Cette mauvaise habitude à abandonner pour ne plus être fatigué tout au long de la journée :

De l'eau glacée, beaucoup d'eau glacée

Une habitude en particulier risque d'étonner les Belges en visite à New York. Tout juste êtes-vous assis, que l'on se précipite pour vous offrir un grand verre d'eau rempli à ras bord et rempli de glaçons. Une rasade d'eau glacée offerte gracieusement. Pendant ce temps, en Belgique, les établissements proposant une eau gratuite en carafe demeurent encore rares. La preuve avec cette carte qui répertorie tous les endroits de la capitale qui ont enfin adopté le mouvement. Pourquoi cette réticence chez nous ? Pour des raisons économiques, tout simplement. L'eau en bouteille représente une marge non-négligeable pour les patrons (on compte environ 1€ par verre). De plus, le fait de se voir offrir de l'eau d'emblée dissuade certains de la nécessité de commander d'autres boissons. 
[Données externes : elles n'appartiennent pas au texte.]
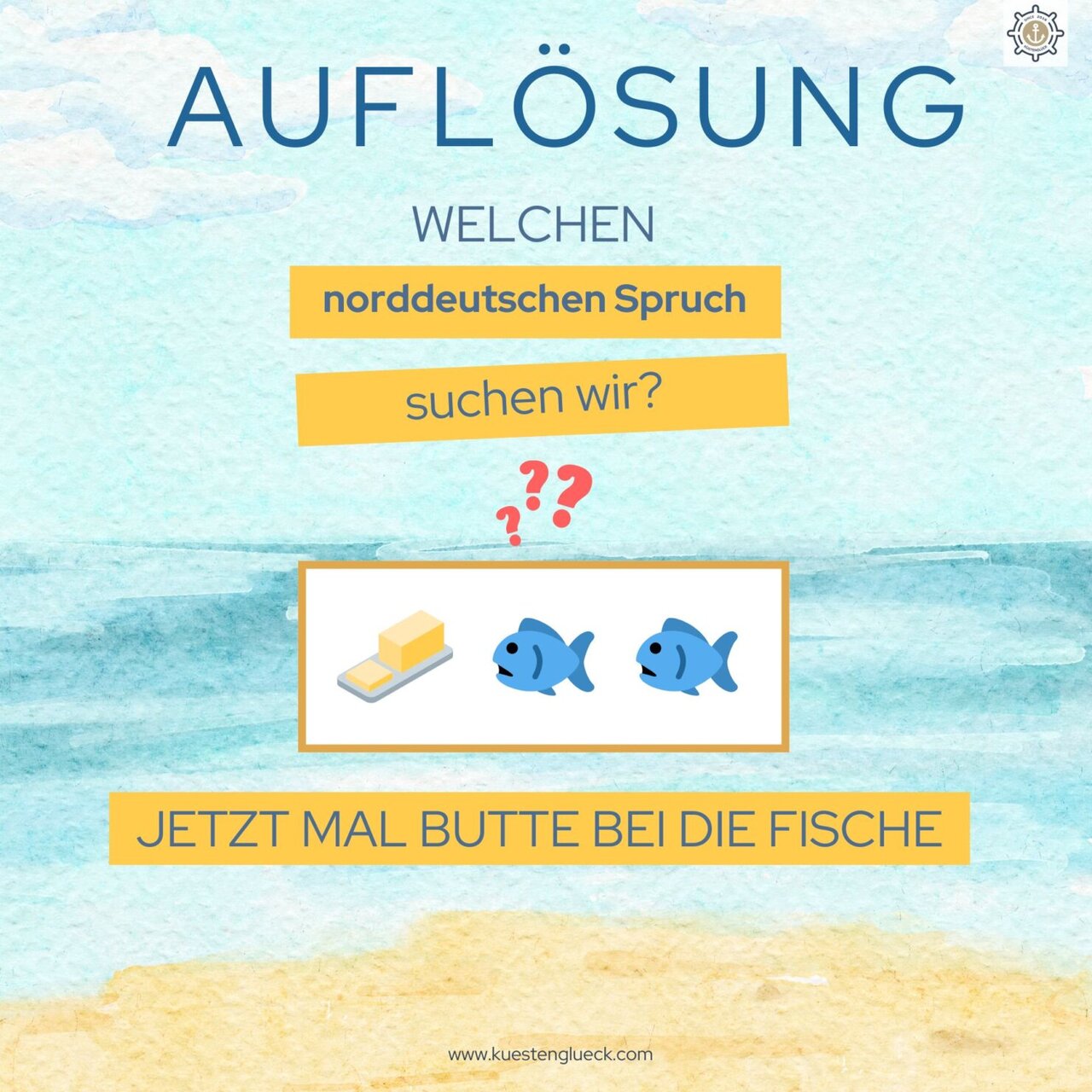 Auflösung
Mais pourquoi les Américains sont-ils moins frileux sur la question ? D'abord parce que la coutume remonte à plus de 180 ans. Au début du XIXe siècle, l'eau minérale et gazeuse ainsi que les sodas commencent à se commercialiser dans les cafés américains. Jusqu'ici, on ne servait que de l'eau en bouteille, car celle du robinet n'était pas potable. "Ce n’est vraiment qu’en 1842 que l’habitude de fournir un verre d’eau gratuit s’est généralisée à l’ensemble des établissements. Cette pratique intervient au moment où l’approvisionnement en eau potable des villes de Boston et de New York débute", explique Jan Whitaker, chercheuse sur l’histoire des commerces et des restaurants aux États-Unis.

Jusqu'à la Prohibition

À cette époque, un journaliste new-yorkais met en avant une adresse qui, la première, offre une tasse d'eau bien fraîche pour accompagner une part de tarte à la citrouille à 4 cents. Mettre à disposition des verres d'eau potable gratuits devient rapidement un argument commercial pour attirer la clientèle. Les cafés et restaurants sont de plus en plus nombreux à s'y mettre. Le phénomène s'étend bientôt bien au-delà de New York, jusqu'en Dakota du Sud notamment. En 1919, durant la Prohibition, les protestants américains considèrent l’eau comme le seul breuvage "moral", parce qu’issu de la nature. "Ces derniers, ayant échoué à interdire la vente de bière et de vin dans les restaurants de style européen, ont installé une fontaine d’eau glacée et gratuite à l’entrée de chaque établissement. Dans l’opinion publique, la consommation excessive d’alcool en public était considérée comme l’apanage des immigrants et un signe de faiblesse de caractère", précise Jan Whitaker au French Morning

Mais pourquoi tant de glaçons ? D'abord parce qu'ils prennent de la place et permettent de faire des gains considérables sur les boissons. Quant aux raisons historiques et culturelles, elles divergent selon les historiens. L'histoire raconte qu'un riche homme d’affaires bostonien, Frederic Tudor alias "The Ice King", lança au début du XIXe siècle la fabrication d’énormes cubes de glace pour refroidir les boissons. Une idée révolutionnaire qui va rapidement rendre les Américains accros à la glace. À l’époque, la glace était réservée aux plus nantis. "Dans le Lower East Side pauvre à New York, vous aviez des vendeurs qui faisaient du porte-à-porte pour vendre la glace. Toutes les classes sociales ont commencé à en consommer. À la fin du XIXème siècle, il y avait des machines de production de glace dans toutes les grandes villes américaines", explique à ce propos Jonathan Rees, professeur d’histoire à Colorado State University Pueblo. Aujourd'hui, l'habitude est restée. Il s'agit tout simplement d'un geste d'hospitalité, comme apporter une corbeille de pain à table.